The staff agenda analysis also says that if the proposed ordinance is enacted, the Metro Nashville government would lose eligibility to enter into grant contracts with the state department of economic and community development until such time as Section 1 of the ordinance is repealed.
Tennessee state law provides residents of a county or municipality with the ability to file a complaint in court if they believe that local government is engaging in violations of the law.
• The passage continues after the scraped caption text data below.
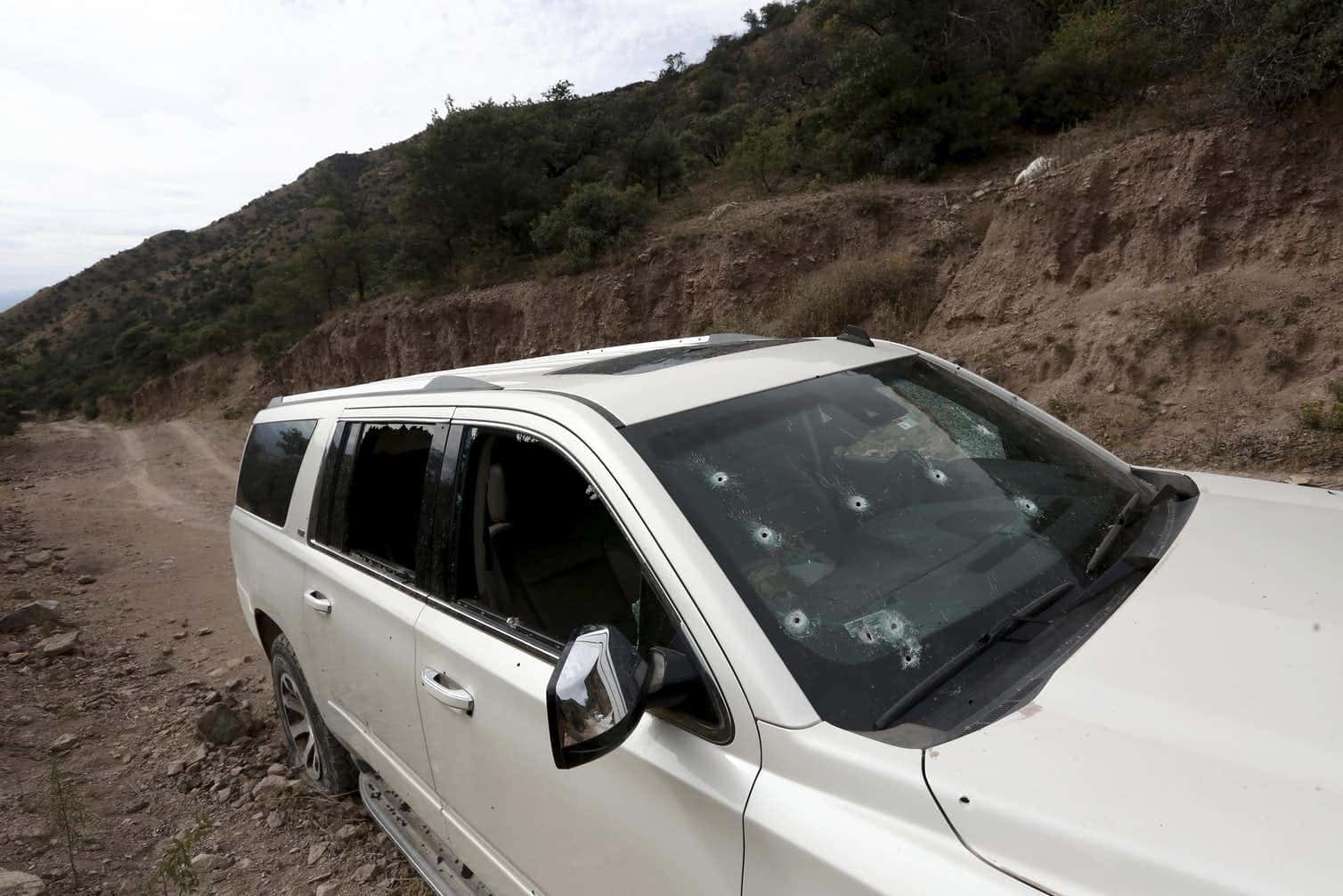 Photo of a car with bullet holes in the windshield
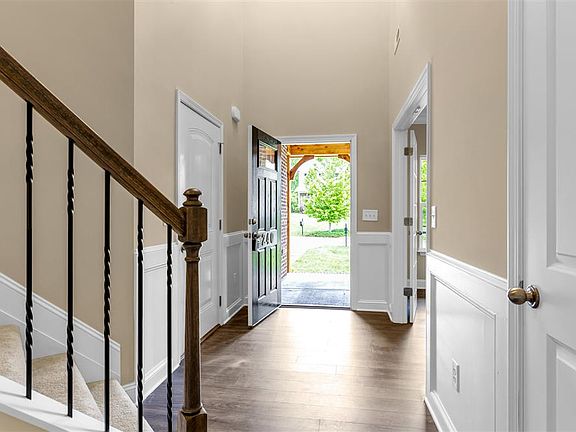 Front door entrance into two story foyer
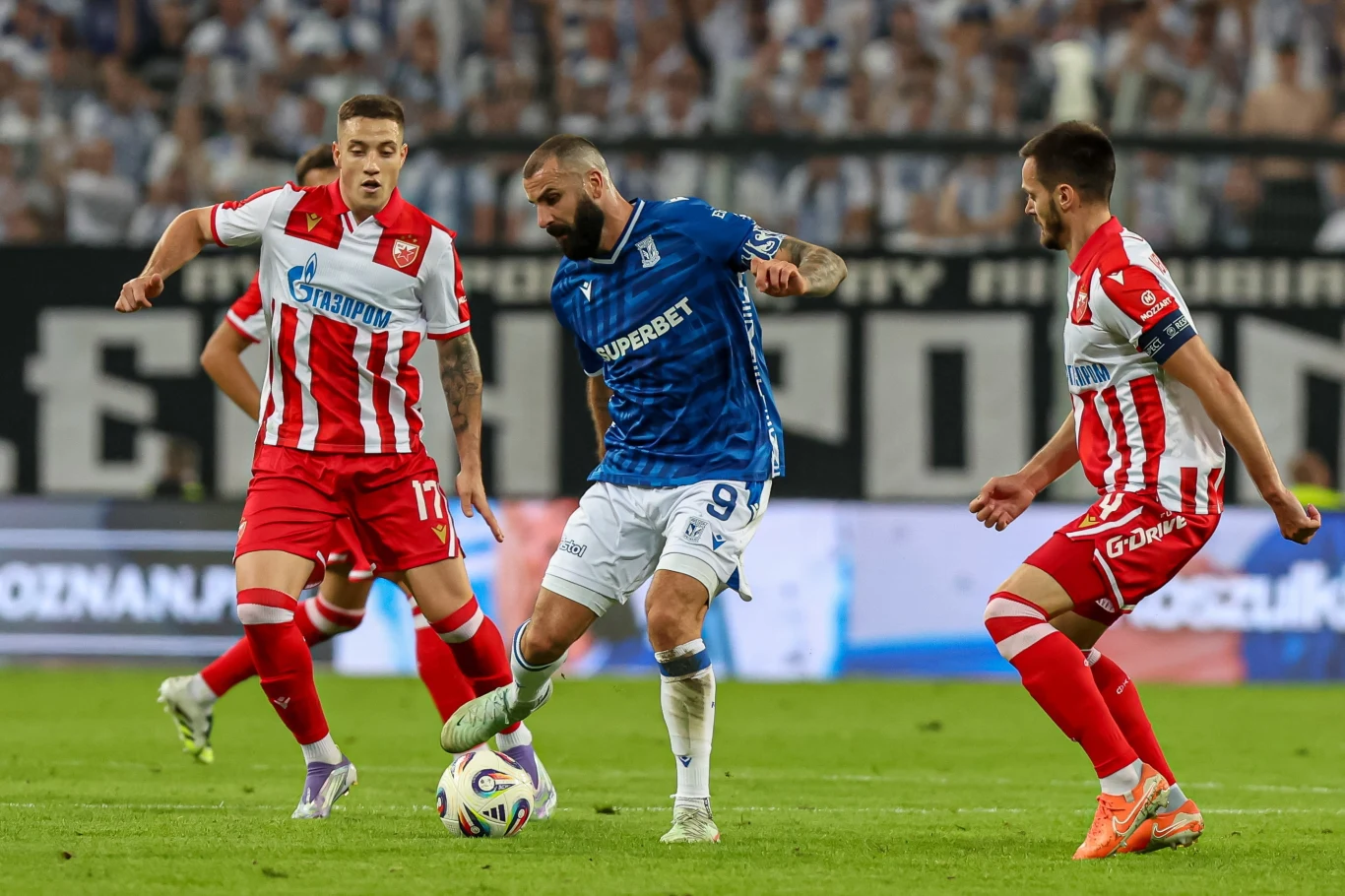 Piłkarz w niebieskiej koszulce prowadzi piłkę nożną, a dwóch zawodników w czerwono-białych strojach próbuje odebrać mu piłkę na tle trybun pełnych kibiców.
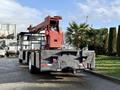 A 2010 International 4300 truck with a mounted crane on the back and a flatbed trailer with a textured surface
In this case, if a court were to decide that Metro Council has adopted a sanctuary city policy, the agenda analysis states that “it can order that the Metropolitan Government comply with the Act, enjoin the Metropolitan Government from further interference with the Act, and take other necessary action to ensure compliance.”
The burden of proof, according to state law, is a preponderance of the evidence.
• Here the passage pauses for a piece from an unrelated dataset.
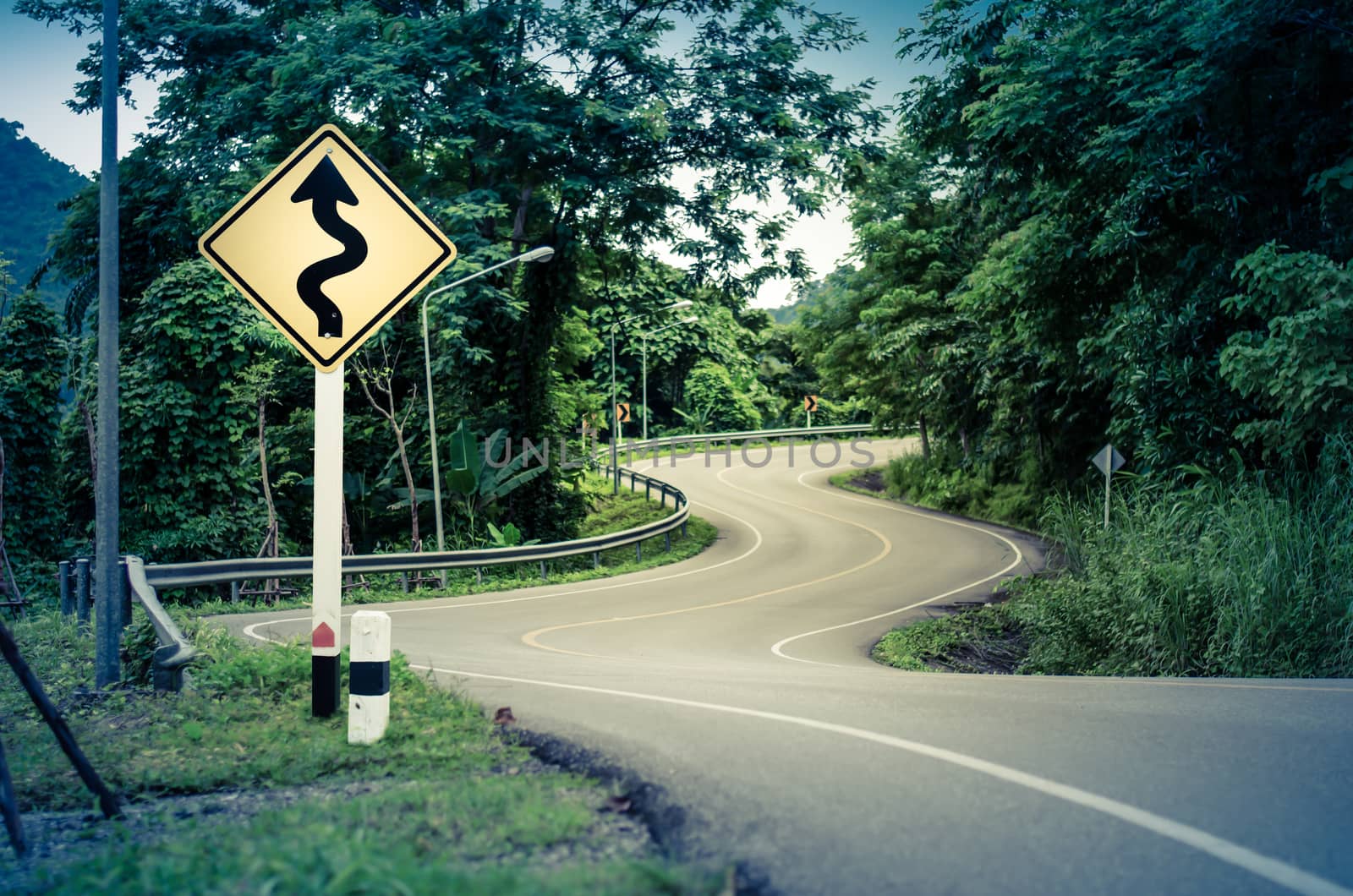 Snake curved road and warning sign by Kankliang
The Tennessee Star previously reported that the ordinance in question, BL2022-1116, is sponsored by Councilmembers Bob Mendes, Dave Rosenberg, Burkley Allen, and Ginny Welsch. The ordinance passed on first reading at the February 15 Metro Council meeting. The proposal is now on second reading.
Currently, it is unclear if or how the analysis will affect the trajectory of this proposed legislation.
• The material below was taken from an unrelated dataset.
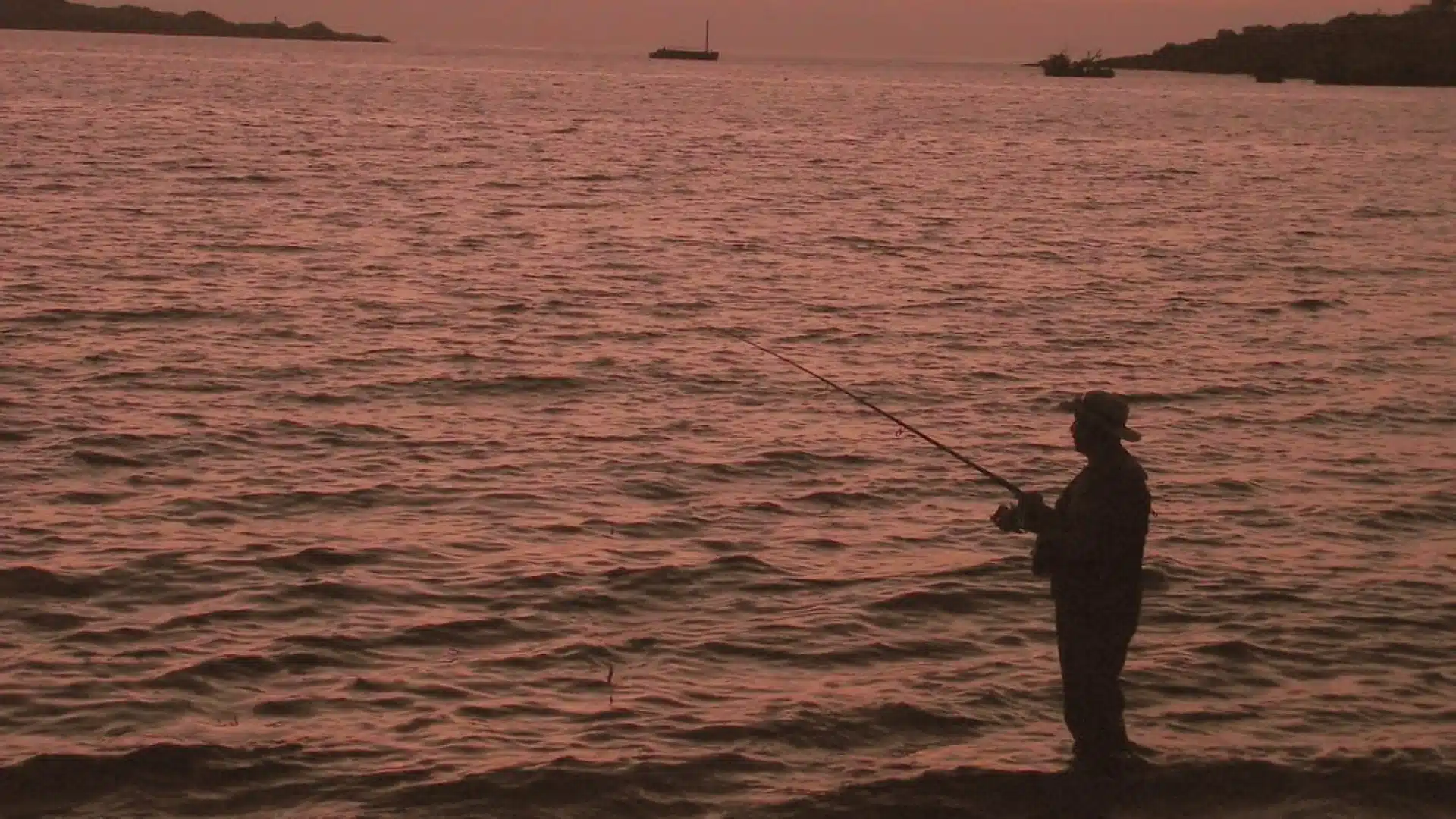 Pescador com vara de pesca à beira do lago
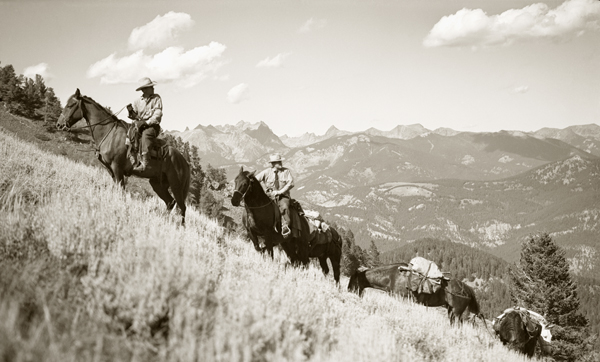 Johnie Hankins and Edwin Harvat with Pack String, Paradise Valley, Montana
Two other ordinances that deal with LPR use are on second reading, BL2022-1114 and BL2022-1116, which both deal with defining personally identifiable information and ensuring data access parity for the Community Oversight Board. A six-month LPR pilot program was approved at the February 8 meeting.
Other issues included on Metro Council’s agenda deal with zoning, lighting regulations, contracts, grant approvals, commission appointments, and approval of notaries.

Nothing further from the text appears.